Dies ist der essentielle Unterschied den Formell weiterentwickelt und berühmt gemacht hat. Beide sind aus der Musica Popular Cubana - unterscheiden sich aber im rhythmischen Charakter stark voneinander.

Du hast davon gesprochen, dass Revé einen eigenen charakteristischen Stil hat, den Changüí. Das ist wahr, denn die neueste CD ist charakteristisch in dem Sinne und modern im Bezug auf die Timba, aber auch sehr tanzbar. Ein Beispiel ist das Thema „Se sigue comentando“ Kannst du uns etwas über die Message des Stückes mitteilen?
Se sigue comentando ist Uiuiui… und in Kuba eine sehr beliebte Nummer. Wenn du also nach Kuba kommst fragst du einfach:“Uiuiui…was seh ich? Uiuiui ….wie schön!“ und alle wissen worum es geht. Es ist ein typisch kubanischer Ausdruck und ein Stück von mir geschrieben. Wie gesagt sehr bekannt: Wenn zum Beispiel die Kinder auf der Strasse an mir vorbeilaufen, sagen sie alle zu mir: „Uiuiui was seh ich?“ In der Tat ist die neue CD sehr abwechslungsreich mit Changüí, Baladen, Sones, etc.
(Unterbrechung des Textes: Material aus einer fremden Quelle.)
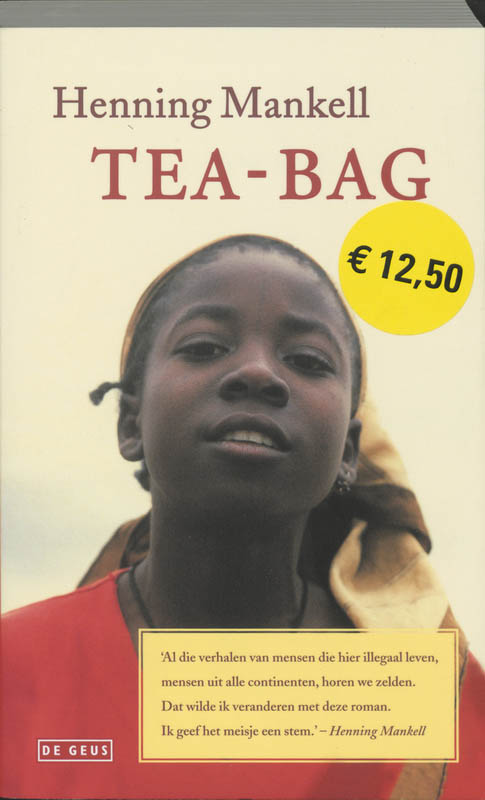 Omslag van Tea-Bag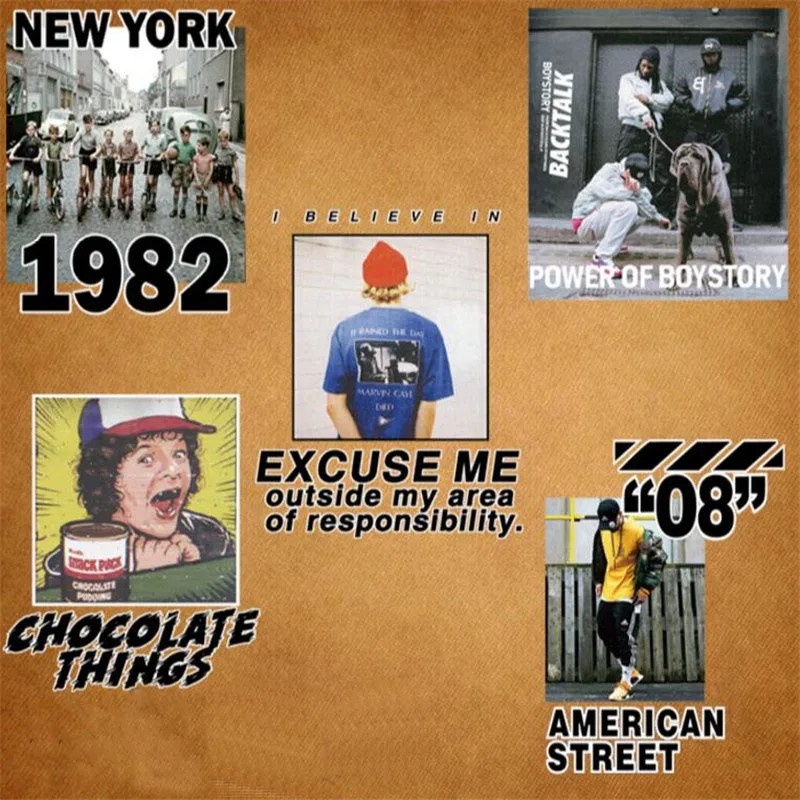 Новая мужская гладильная теплоотводящая накладка наклейки одежда моющиеся патч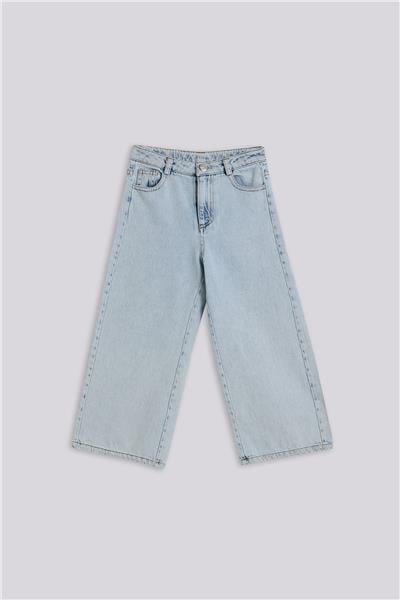 Tyess Basic Kız Çocuk Denim PantolonTyess Basic Kız Çocuk Denim Pantolon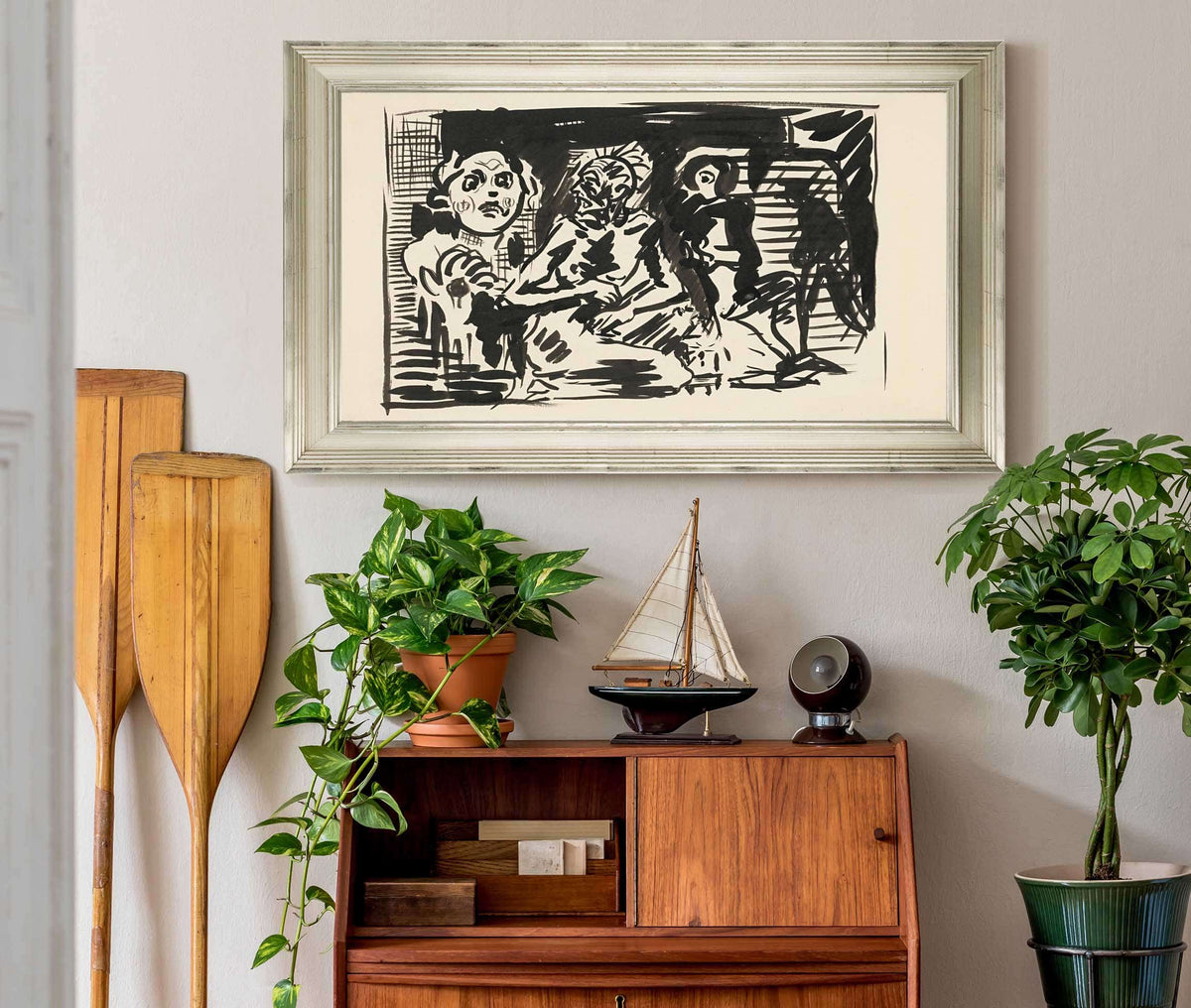 Anxiety by Arnold Peter Weisz Kubincan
Sie verkauft sich sehr gut, in Europa, wie auch in (Latein-) Amerika.

Nicht nur die neuen Themen verkaufen sich gut, auch alte Hits haben internationalen Erfolg gehabt, wie „Mi Salsa tiene sandunga“, „Suave, suave“ „Rumberos latinoamericanos“ aus der Zeit deines Vaters. Wie war das in dieser Zeit als dein Vater diese Themen bekannt machte? Was meinst du zu all diesen Stücken, die teilweise legendäre Klassiker der lateinamerikanischen Musik sind?
Wie ich bereits schon erwähnt ist mein Vater ein Erschaffer, ein Schöpfer, der wenn er Dinge zur richtigen Zeit tat, sie richtig machte. Immer berief er sich auf die Wurzeln der Musica Popular Cubana und das ist auch der Grund warum z B. „Mi Salsa tiene Sandunga“ oder „Runidera“ , „Suave, suave“, etc. immer noch Aktualität haben. Wir werden auch heute abend diese Themen spielen.

Oder erinnerst du dich an das alte Stück „Oye me samá“ ebenfalls aus deines Vaters Zeit?
„Oye me samá…Yo siento morirme…El otro mundo no se puede cumban-char….llororira…Oye me samá…“ (singt es vor). Was ist also geschehen in dieser Zeit? Dies sind Themen, die Worte und Körper haben, welche das Leben zwischen Mann und Frau ausdrücken. Sie besitzen einen Refrain, einen Reim: Was will ich damit sagen? Musiker, wie Adalberto Alvarez , Juan Formell, Orquesta Revé, Candido Fabre und Original de Manzanillo, …komponieren Themen, die sich aufgrund von Erlebtem ergeben. Und dies fügen wir in die aktuelle kubanische Musik ein. Darum haben die Stücke Erfolg, weil jedes Mal daraus eine Anekdote entsteht und es um Dinge des täglichen Lebens geht. „Mi Salsa tiene Sandunga“ ist ein hervorragendes Beispiel dafür.